"Poorly Analyzed US-Centric Garbage" - Why Do Americans Keep Ignoring European Gaming History? 1
Image: Damien McFerran / Time Extension

If you consider yourself to be a budding gaming historian, then the Video Game Crash of 1983 will be an event you're at least partially aware of. To cut a long story short, Atari created an enormous market in the US for video game consoles, only to tank it all via an oversupply of low-quality games, effectively sinking an industry that wouldn't recover until the introduction of the NES a few years later.

However, the story in the US isn't universal; in Japan, Atari wasn't a big name, and the crash actually happened in the same year Nintendo launched its hugely successful Famicom console.

Meanwhile, in Europe, consoles had never really taken off in the same way they had in North America, and home computers like the ZX Spectrum, C64, and (later) Atari ST and Amiga were the big gaming platforms. The crash in the US went almost entirely unnoticed in other parts of the world—something that isn't always obvious when you're reading up on video game history, which tends to take a very US-focused view of things.

This is an issue which crops up every few years, and this time, it's esteemed journalist Jeff Grubb who has poked the hornet's nest.

"I get the online backlash from Europeans about how there was no video game console crash where they were, so it's clearly overblown," Grubb said in a post on social media. "But the reality is that the entire European market was maybe 5% the size of North America for console games. The home computer scene created a different set of tastes unaffected by a crash, but it *was* merely a scene."

As you can imagine, trying to frame the European video game market as nothing more than a "scene" hasn't gone down well with gamers from outside of North America.

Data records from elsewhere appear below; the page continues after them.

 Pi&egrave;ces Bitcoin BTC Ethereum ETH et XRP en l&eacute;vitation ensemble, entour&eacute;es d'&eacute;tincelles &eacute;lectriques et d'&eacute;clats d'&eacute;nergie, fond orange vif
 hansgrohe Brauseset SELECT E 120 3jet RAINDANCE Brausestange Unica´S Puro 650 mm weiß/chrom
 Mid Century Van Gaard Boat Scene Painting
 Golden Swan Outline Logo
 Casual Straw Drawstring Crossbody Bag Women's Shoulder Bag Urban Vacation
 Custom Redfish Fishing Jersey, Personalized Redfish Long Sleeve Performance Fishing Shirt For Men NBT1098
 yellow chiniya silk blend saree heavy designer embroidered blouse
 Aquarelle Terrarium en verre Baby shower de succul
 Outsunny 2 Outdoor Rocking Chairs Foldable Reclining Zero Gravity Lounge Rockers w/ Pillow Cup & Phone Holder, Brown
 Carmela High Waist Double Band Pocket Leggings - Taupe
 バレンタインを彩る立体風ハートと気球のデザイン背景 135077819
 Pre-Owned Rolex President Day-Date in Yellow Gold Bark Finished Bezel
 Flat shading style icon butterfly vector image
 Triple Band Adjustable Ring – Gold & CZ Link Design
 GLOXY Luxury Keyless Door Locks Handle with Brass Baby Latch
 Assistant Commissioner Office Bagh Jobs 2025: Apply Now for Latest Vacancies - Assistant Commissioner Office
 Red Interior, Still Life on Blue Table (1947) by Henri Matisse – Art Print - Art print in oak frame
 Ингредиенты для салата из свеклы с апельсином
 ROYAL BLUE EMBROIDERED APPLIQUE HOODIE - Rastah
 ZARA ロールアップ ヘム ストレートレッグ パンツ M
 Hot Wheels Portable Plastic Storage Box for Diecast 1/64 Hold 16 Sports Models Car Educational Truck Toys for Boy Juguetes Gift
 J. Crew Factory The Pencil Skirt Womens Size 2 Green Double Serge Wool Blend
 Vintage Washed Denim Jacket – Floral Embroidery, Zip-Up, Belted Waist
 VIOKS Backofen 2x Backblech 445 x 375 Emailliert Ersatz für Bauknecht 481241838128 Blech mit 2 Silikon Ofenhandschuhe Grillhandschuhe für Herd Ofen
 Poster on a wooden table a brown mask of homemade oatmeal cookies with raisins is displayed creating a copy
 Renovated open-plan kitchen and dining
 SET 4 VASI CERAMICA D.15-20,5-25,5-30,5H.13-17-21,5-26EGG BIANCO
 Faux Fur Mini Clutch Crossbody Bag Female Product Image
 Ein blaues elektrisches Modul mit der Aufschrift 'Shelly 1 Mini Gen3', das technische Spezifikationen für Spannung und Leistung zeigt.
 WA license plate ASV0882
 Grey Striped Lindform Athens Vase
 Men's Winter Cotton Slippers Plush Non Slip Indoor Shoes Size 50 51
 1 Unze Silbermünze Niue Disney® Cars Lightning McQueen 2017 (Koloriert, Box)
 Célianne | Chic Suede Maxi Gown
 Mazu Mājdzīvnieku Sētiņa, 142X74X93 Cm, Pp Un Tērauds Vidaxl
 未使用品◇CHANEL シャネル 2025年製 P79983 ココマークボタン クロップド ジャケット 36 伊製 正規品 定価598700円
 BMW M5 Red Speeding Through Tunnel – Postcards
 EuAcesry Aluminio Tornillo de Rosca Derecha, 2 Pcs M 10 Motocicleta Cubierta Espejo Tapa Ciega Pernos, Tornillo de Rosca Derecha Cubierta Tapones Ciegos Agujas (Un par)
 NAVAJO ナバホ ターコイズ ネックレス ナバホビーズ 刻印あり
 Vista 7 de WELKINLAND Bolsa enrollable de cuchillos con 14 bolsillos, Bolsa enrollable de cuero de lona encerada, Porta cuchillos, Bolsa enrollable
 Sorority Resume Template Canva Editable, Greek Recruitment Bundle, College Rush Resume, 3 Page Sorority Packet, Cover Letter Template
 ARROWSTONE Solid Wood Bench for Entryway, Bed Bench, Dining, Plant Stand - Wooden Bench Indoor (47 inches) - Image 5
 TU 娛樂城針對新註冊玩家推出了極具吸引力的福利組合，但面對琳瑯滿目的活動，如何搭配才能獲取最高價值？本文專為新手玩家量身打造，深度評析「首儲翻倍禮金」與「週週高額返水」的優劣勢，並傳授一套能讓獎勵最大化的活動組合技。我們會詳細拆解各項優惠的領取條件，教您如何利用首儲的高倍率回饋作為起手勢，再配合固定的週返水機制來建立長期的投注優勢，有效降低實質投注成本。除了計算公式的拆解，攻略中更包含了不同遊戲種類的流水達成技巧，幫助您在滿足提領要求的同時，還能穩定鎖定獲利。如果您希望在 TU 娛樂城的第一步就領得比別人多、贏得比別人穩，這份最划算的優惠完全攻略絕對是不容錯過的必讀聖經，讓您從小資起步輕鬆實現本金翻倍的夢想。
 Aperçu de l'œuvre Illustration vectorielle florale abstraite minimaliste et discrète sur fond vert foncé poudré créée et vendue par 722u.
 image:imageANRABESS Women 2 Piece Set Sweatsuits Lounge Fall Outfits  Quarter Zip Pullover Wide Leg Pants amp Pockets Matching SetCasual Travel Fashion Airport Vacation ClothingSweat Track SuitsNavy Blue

Industry veteran Julian "Jaz" Rignall—a British games journalist who worked on magazines such as Zzap!64 and CVG in the '80s before launching Mean Machines, the UK's first console-centric monthly—has been perhaps the most vocal. Rignall has really seen and done it all; he recently moved back to Europe after spending a couple of decades in the US and has worked both in games media and inside the industry itself, having taken a role at Virgin Interactive back in the mid-'90s. His most recent role was at VGM, a market research firm which is the largest provider of custom research to the video game industry, and has a client list that includes Square Enix, Sony, Sega, Nexon, Bandai Namco, 2K, Zynga, EA, Activision Blizzard and Tencent.

"Euro console market was tiny cos they were expensive," Rignall says in response to Grubb's post. "Which is why people bought computers. The Euro market boomed off that while the US collapsed ‘cos of oversupply. People think the crash happened in both places. It didn’t. US gaming boomed & stalled; Europe started later, boomed and kept going. Basically, consoles had low impact in Europe the early 80s. It was all computers until the early-to-mid 90s, when the gaming market began to align into a more worldwide business driven by consoles and the PC."

Citing a chart of global game revenues posted by Grubb, Rignall digs in a little more:

I mean, just looking at 1985, the C64 sold 1m units making around $150,000,00 in revenue (rough estimate). Where’s that money on this chart? Add in the Spectrum and Amstrad, and that revenue climbs hugely. Again, WTF is that revenue not on this graph? Poorly analyzed US-centric garbage, basically.

And yes, I’m building a full head of yeah-I’m-really-annoyed steam about all this. Ultimately, Jeff’s like, no big deal man, just a scene. And I’m like, what he’s saying is exactly the kind of thing that drives Europeans nuts - because he’s perpetuating US misunderstanding of Euro gaming history.

Also, early Euro games dev was super-competitive. Programmers had to be clever to maximize the performance of their computers. That expertise resulted in many Europeans being poached by US publishers where they made many console games that defined US kids' childhoods. Something many seem unaware of.

Rignall's final comment could be seen as a reference to many British companies and developers; take Rare, for example, which was spawned from Ultimate Play the Game, a British code house which produced some of the best home micro titles of the 1980s.

Rignall isn't the only one who has waded into this debate with some rather passionate opinions:

To his credit, Grubb later said that he wants to "bridge this divide":

I want to bridge this divide. But the way to do that is to recognize that it was a real, global video game market crash because it affected people who made games globally, and then also, there were massive, insulated alternative markets that did not rely on that same global market.